By Omri Goldberg, Data Scientist — Liquidity Capital
Average Revenue Per Account (ARPA) is one of the fundamental metrics of any recurring revneue buisenss. The basic notion is that if one has a good grasp on customer acquisition retention and gross margin, he has a variable business model.
Following this logic, one would assume that an increase in ARPA suggests a strong indicator of success, but does an increase always depict a positive trend upward, or does a decrease convey a decline in what customers are paying you.
Real life experience shows us the answer to this question isn’t always straightforward. If a data observation is not driving a clear view it comes down to what “the averages” means, and when we can use them effectively. In conclusion for humans, it’s going to be near to impossible to train a machine to make a call. It really comes down to averages and when we should use them as features in our models. Have you heard about the statistician who drowned crossing a river that was three feet deep on average ?
Revenue per customer is characterized, in many cases, by a non-symmetrical distribution. The largest portion of customers might have a lower contribution to the total revenue and a few big customers contribute most of the revenue. In some cases, the difference between the absolute number of customers or revenues from different customers-pools can differ by an order of magnitute. The skewed customer distribution cannot be described by a simple central metric like average or median. So what is the correct way to describe the distribution? More importantly, how would we know if things are getting better or worse ?
Simple metrics like averages and medians are prone to instability due to changes in the revenue per customer distribution caused by a handful of accounts, or alternatively, by many customers with negligible revenue contribution. These effects do not necessarily represent trends and may point to wrong conclusions. Put in layman terms, we have a few customers with unique deals skewing our average, and possibly giving us the wrong assumptions.
To alleviate, we suggest a new central-distribution metric that accounts for both changes per customer and per revenue by using a blended method of checks and balances between the two extremes. Singular cases are toned down by clustering of accounts into bins and assigning them labels, minimizing the skewing effect of extreme values.

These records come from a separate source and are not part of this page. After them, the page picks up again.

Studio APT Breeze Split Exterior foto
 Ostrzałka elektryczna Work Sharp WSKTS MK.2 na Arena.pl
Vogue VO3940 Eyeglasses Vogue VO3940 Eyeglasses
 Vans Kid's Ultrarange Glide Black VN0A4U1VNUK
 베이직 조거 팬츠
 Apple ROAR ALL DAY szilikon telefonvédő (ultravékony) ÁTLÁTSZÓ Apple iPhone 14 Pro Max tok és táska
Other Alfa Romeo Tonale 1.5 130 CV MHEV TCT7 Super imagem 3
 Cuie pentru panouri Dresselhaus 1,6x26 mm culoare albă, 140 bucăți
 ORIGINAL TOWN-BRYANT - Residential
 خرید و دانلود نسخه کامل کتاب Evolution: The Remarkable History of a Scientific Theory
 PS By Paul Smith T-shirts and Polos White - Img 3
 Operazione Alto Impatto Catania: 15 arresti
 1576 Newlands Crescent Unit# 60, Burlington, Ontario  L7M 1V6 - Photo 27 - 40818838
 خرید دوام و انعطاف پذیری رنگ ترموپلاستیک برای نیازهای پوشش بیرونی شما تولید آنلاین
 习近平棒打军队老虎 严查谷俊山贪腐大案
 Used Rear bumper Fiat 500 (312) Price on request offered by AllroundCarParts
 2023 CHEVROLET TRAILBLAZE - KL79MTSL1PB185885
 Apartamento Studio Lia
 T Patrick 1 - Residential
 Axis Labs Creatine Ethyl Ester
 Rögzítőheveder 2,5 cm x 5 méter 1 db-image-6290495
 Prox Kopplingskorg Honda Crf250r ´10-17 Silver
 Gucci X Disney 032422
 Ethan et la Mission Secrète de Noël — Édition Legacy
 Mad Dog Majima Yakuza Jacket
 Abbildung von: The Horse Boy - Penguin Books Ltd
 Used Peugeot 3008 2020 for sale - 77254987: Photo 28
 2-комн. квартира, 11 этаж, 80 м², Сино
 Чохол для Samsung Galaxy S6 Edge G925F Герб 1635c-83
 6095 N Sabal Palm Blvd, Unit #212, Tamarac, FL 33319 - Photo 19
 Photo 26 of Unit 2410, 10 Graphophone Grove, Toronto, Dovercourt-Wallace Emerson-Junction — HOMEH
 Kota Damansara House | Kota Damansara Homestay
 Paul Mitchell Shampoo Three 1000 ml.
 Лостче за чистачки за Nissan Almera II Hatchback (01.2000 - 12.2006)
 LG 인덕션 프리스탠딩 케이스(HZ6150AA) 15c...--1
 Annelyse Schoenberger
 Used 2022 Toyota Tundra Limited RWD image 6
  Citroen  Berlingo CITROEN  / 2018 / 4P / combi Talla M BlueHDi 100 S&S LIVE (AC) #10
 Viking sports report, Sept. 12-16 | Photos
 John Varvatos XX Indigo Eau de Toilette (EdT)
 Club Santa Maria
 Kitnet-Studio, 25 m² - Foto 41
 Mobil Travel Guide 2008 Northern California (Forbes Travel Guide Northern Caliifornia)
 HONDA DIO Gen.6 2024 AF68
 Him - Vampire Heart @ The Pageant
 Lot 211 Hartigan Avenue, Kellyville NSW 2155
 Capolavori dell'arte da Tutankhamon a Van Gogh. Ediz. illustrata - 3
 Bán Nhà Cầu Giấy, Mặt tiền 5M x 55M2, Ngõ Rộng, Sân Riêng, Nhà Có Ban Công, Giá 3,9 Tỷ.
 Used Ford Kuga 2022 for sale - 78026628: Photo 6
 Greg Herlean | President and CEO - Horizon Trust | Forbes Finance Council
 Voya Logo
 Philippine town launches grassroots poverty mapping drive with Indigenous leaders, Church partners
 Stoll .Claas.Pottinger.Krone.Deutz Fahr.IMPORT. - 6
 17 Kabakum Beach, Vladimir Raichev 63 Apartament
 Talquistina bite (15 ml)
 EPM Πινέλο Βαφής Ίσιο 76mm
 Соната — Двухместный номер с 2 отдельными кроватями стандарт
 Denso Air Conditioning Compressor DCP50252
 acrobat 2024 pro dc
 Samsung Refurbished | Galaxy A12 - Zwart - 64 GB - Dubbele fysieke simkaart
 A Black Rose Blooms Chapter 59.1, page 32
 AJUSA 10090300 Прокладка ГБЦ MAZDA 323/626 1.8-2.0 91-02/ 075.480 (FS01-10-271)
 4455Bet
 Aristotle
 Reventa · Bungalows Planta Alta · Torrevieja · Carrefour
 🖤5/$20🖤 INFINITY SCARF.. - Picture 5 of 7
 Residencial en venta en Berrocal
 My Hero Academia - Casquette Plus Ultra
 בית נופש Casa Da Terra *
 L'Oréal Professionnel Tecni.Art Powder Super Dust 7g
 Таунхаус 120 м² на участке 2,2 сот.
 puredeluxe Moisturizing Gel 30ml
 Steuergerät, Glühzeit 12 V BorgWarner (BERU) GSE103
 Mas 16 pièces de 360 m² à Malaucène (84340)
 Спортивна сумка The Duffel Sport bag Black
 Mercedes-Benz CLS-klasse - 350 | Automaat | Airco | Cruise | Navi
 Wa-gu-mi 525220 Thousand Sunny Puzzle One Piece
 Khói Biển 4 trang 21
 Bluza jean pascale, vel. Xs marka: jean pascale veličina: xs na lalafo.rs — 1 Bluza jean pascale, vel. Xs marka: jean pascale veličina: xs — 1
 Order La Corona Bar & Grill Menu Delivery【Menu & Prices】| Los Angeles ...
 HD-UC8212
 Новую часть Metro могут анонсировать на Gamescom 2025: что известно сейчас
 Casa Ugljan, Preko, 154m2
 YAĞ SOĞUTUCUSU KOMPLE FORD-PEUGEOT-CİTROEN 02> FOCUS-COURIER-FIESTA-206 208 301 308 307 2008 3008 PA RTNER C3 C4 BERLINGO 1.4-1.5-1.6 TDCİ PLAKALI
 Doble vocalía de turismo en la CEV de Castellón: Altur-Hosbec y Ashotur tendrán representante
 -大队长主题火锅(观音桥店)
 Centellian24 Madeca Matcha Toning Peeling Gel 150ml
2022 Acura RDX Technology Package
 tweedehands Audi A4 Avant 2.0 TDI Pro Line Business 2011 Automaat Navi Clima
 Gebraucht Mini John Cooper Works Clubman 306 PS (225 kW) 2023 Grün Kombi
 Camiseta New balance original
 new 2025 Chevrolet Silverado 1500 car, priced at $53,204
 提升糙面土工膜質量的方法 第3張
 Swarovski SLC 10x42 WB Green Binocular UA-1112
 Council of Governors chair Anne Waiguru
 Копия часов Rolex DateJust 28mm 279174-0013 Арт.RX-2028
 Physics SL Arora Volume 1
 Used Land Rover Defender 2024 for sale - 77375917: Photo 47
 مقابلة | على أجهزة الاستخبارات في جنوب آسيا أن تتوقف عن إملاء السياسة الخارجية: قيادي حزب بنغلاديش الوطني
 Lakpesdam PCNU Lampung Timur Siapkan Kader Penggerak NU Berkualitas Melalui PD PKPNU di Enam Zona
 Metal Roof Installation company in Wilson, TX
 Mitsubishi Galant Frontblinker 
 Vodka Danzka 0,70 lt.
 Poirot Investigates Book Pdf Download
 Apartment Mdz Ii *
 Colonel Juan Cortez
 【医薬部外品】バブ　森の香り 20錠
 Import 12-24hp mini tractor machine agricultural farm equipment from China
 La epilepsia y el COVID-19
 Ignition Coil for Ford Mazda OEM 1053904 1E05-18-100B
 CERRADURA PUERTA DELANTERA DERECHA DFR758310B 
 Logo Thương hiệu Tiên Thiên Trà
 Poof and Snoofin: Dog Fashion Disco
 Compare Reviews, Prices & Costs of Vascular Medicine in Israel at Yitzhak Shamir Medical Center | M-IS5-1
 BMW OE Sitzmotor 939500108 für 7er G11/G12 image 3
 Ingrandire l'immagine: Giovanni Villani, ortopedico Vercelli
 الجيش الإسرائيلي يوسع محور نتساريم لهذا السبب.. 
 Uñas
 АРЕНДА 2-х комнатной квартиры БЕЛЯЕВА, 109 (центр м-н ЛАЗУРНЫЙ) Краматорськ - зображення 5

Another important advantage of the method is that it weighs the skewness of the revenue trend, allowing a quick and intuitive interpretation of trends between periods. For example, a negative trend can be explained by an addition of many small customers, by churn of one big client or by a consistent shift of clients from high payment bin to a lower one.
The role of the trend skewness in the final estimation is to distinguish between the latter case, considered as a “real” shift in customer behavior, and the first two.
The need to define the “typical account” by a single number is an impossible challenge. However, by carefully applying a set of weights and restrictions (without throwing the baby out with the bathwater) we were able to extract meaningful information about trends in the customers population.
Trend in revenue-per-customer during 12-months. The upper-left figure exhibits the trends of the median, mean and binned average, where the binned average exhibits the smoothest trend which is least affected by extreme values. The upper right panel shows that the number of distinct paying customers quadrupled. The lower panel shows the evolution of revenue distribution, indicating that the decrease in average revenue is originated from addition of new small customers, and not by price downgrade. The extreme skewness towards small customers should eliminates the negative binned average and result in a flat trend-score that does not penalize the expansion in revenue sources.